Mentre verificavo alcune cose nelle mie campagne ho visto che nella scheda dei dati demografici della nuova interfaccia AdWords sono comparsi i dati delle fasce di reddito familiare anche per campagne che girano solo sul mercato italiano (i dati sono visualizzabili sia a livello di campagna, che di singolo gruppo).

I dati sono già stati segmentati da un po’ (si vedono statistiche a partire da molti mesi addietro), ma probabilmente siamo ancora in una fase sperimentale, visto che la gran parte delle impression e dei clic vanno comunque a finire nel calderone degli “sconosciuti” e che non c’è stato alcun annuncio ufficiale da parte di Google circa l’allargamento a livello globale di questa funzionalità (già attiva da tempo in USA, Giappone, Australia e Nuova Zelanda).

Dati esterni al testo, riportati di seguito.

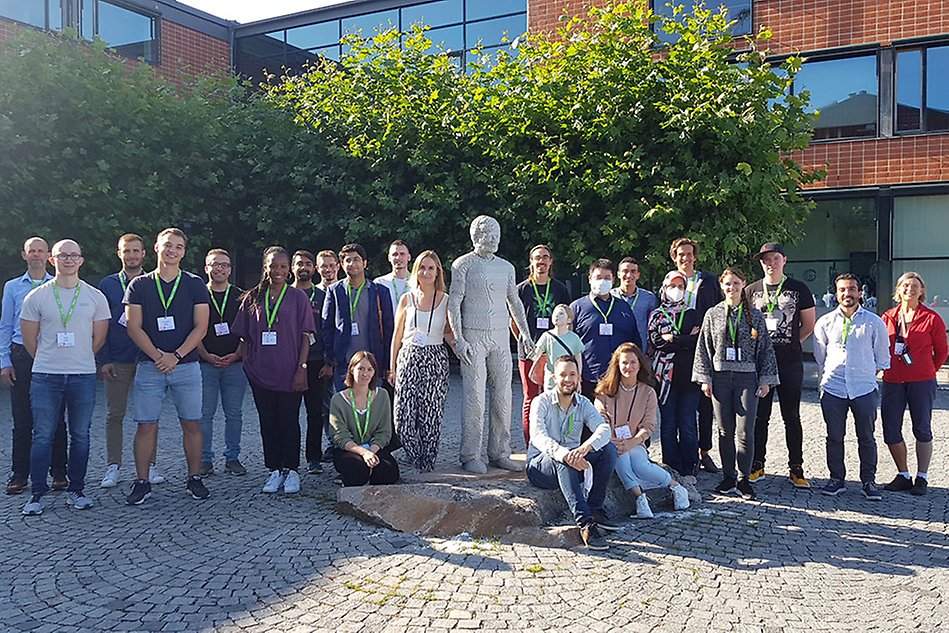 A group of people standing outdoors around a statue. Photo.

Le fasce di reddito fanno riferimento ai percentili delle zone geografica target del gruppo e quindi, se stai usando modificatori di bid per diverse sotto-zone vedrai i dati ripetuti per ciascuna zona. Le percentuali più basse dovrebbero corrispondere alle fasce di reddito più alte (o almeno io così ho capito, visto che la pagina di spiegazione della guida AdWords, soprattutto quella in italiano, non spiega molto chiaramente come sono costruite le varie fasce).

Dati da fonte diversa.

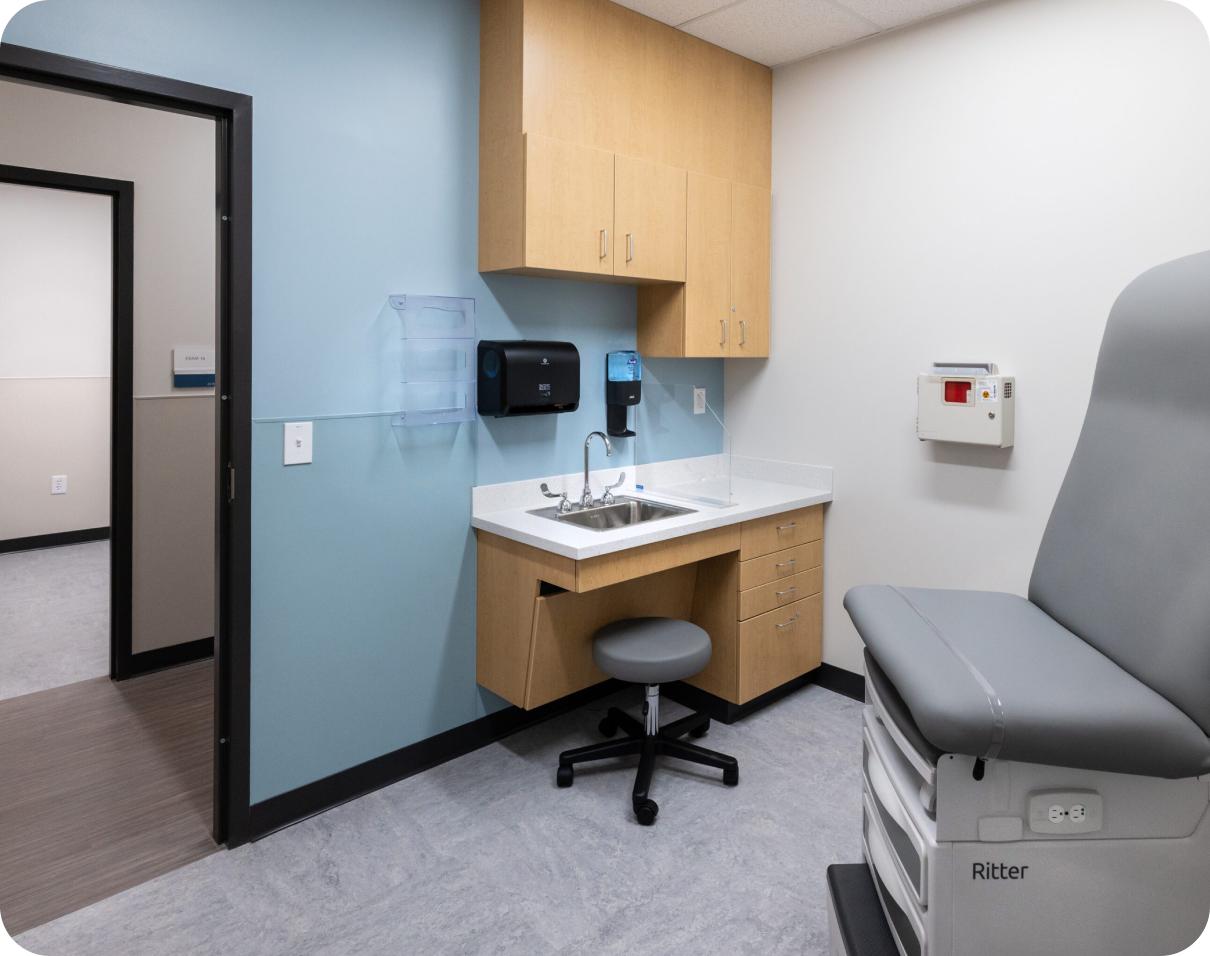 Medical exam room with sink and exam table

In attesa di vedere crescere i dati segmentati, è comunque possibile già ora modificare i CPC in relazione alle fasce di reddito disponibili: il 10% della popolazione con i redditi più alti rispetto alla media della zona di riferimento, quelli dall’11 al 20% dei redditi superiori, dal 21 al 30%, dal 31 al 40%, dal 41 al 50% e poi il restante 50% di quelli con redditi sotto la media.

Questo sarà un report da guardare con attenzione nei prossimi mesi, ammesso che emergano indicazioni importanti circa i tassi di conversione di determinate fasce di reddito. E’ chiaro infatti che Google è in grado di capire che potenzialità di spesa abbiamo dalle nostre ricerche, ma quanto sarà preciso il tracciamento?